100 Good Things About Growing Old, # 34 - I stop throwing out books

I've realised it doesn't matter if I don't continue to clear out my books and I don't get rid of any more of them.
 At first, I took photographs of the piles I was about to take to the charity shop, in case I missed them, or wanted to remind myself of why I was chucking them out. The pile above was one of my very early disposals, and I have never missed any of them.
 Similarly, this second pile of disposals has never been missed.
The Martin Amis dual biography, with his father Kingsley, did make me pause a little, hence it got its own picture, centre stage.  However, I have never thought of it since disposal.  I can't even remember which charity shop I took it to. There is more to say on this subject.

I had, initially, been taking them to my nearest charity shop, which I can walk to.  After a few trips, I noticed that none of my books were actually on the shelves. I enquired about this, and was told that, unless the books were in pristine condition, and particularly if paperbacks, as new. they would not be sold in this charity's network of shops.  What would happen to them, I asked, aghast.  If of vintage interest (I did not bother to find out what qualified as vintage, being so disgusted with what followed), they would go to the vintage branch shop.
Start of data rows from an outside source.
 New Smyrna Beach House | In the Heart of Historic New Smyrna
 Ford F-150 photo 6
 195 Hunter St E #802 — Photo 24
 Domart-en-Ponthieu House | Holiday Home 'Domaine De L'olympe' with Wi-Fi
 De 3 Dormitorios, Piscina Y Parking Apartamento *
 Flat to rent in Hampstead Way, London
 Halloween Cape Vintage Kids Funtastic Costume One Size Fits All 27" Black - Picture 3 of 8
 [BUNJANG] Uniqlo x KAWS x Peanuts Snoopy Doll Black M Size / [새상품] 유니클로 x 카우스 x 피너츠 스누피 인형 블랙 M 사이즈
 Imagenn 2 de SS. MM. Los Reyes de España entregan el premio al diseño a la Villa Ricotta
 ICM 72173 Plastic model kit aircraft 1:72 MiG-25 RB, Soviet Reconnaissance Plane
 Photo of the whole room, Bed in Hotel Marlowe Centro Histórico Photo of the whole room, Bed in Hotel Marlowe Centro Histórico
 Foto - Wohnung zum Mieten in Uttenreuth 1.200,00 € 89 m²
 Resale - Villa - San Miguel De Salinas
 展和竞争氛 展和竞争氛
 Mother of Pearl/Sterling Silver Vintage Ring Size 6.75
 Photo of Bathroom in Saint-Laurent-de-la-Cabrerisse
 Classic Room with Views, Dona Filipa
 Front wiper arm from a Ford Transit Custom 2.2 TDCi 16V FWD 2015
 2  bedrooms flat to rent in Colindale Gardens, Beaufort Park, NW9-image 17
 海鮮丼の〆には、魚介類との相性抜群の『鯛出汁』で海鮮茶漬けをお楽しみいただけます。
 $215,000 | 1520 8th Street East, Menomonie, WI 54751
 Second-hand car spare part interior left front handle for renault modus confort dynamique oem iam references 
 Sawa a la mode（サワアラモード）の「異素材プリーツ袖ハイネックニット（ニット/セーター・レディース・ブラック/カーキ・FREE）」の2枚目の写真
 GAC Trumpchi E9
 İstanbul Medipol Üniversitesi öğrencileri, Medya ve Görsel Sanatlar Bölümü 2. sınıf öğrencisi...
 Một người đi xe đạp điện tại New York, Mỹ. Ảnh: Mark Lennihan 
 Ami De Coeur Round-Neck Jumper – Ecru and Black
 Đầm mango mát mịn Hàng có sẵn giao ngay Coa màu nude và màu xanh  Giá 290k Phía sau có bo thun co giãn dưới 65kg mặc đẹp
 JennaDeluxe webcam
Everything else would be sent to poor foreign countries that need books, or be pulped.  That was my last visit to this charity, and henceforth I have favoured Oxfam, which takes anything and is grateful.  I have seen my books on their shelves, and they put their books in order properly.



This is what my downstairs bookcase looked like before operations commenced.  It's still pretty much the same.  Some books have gone upstairs  - that brown one, third from right on middle shelf, is a case in point.  It is a biography of Lord Mountbatten. I read about a third of it, lost interest, but thought I might come back to it later, so it has gone from immediately opposite my desk to upstairs in the spare bedroom.  However, others have replaced it, so the shelf is still double stacked.  I am proud to own copies of historical biographies of Edward I, Edward II, Edward III and Edward V.  These are all now in the gap shown above.  I volunteer at a historical property which was built in the reign of Edward I, and occupied by the same family through the reigns of Edward II and III.  Edward V is not part of this collection, and I intend at some point to donate this book to the Richard III visitors' centre in Leicester, but as yet I have not felt ready to let it go.

Above, this is what my upstairs bookcase in the spare bedroom looks like.  It contains four sets of shelves like these, all floor to ceiling, all double stacked.

I have given some away to charity shops. The above biography is beautifully written, and I read and enjoyed it, but knew I would never need it again because I can't be bothered to actually read any novels by Trollope.  I find them too long and boring.  I might have persevered in my youth, when how to occupy the long hours of the day seemed a problem.  Now that I am not even working, but no day seems long enough for all I want to achieve in it, life is too short for Trollope.


Here are the three novels which I gave away with the biography, all completely unread, and never regretted.

However, after several months of sorting and disposing, I realised I was becoming rather sad and unhappy.  Nothing else having changed in my life, I came to the conclusion that it was because I had chucked out enough, and should stop.  In fact, I concluded that I do not NEED to chuck out any more books.  I was scraping on a sore nerve by trying to find more books that I could do without.

I've got rid of all the ones which were completely painless, and the next tranches which I thought to get rid of were causing me pain, and making me feel regretful in anticipation.  Enough is enough.

This afternoon, I took back to the upstairs bookshelves three armfuls of books which I had brought downstairs ready to give away, but had found I couldn't get as far as doing so.  I already feel much better.  It's sort of the opposite of a purge. 

If anything, what has been purged is the guilt about owning so many books, and the accompanying thought that I should reduce my collection. I feel a calm sense of satisfaction.


Thursday 31 October 2019

100 Good Things About Growing Old, #33

It's OK to go about the hedgerow, picking fruit for jam.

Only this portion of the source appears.